• [Task instructions] Find each line in the following listing that has the string "Apartment", then state the count and nothing else.
(Beginning of Information shown)
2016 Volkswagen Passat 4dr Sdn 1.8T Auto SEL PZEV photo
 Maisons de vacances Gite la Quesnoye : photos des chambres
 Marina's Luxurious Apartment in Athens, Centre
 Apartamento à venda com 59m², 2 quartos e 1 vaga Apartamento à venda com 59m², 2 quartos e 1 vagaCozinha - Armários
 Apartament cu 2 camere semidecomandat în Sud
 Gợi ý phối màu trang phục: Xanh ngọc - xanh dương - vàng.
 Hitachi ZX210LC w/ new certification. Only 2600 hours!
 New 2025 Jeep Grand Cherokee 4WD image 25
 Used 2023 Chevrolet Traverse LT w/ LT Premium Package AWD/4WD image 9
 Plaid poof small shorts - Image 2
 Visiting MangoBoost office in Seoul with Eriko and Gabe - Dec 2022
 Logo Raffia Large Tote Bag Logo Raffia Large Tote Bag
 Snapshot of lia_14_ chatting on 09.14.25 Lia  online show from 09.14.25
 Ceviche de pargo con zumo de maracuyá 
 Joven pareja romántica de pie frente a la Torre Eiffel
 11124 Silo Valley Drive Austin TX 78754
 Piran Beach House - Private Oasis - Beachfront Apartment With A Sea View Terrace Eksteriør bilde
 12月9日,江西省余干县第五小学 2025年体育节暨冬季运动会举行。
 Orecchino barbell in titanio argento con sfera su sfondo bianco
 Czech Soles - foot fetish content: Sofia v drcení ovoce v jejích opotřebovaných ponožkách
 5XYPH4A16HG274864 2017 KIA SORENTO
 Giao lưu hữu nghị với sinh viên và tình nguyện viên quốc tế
(End of Information shown)
• [Solution to this task] 2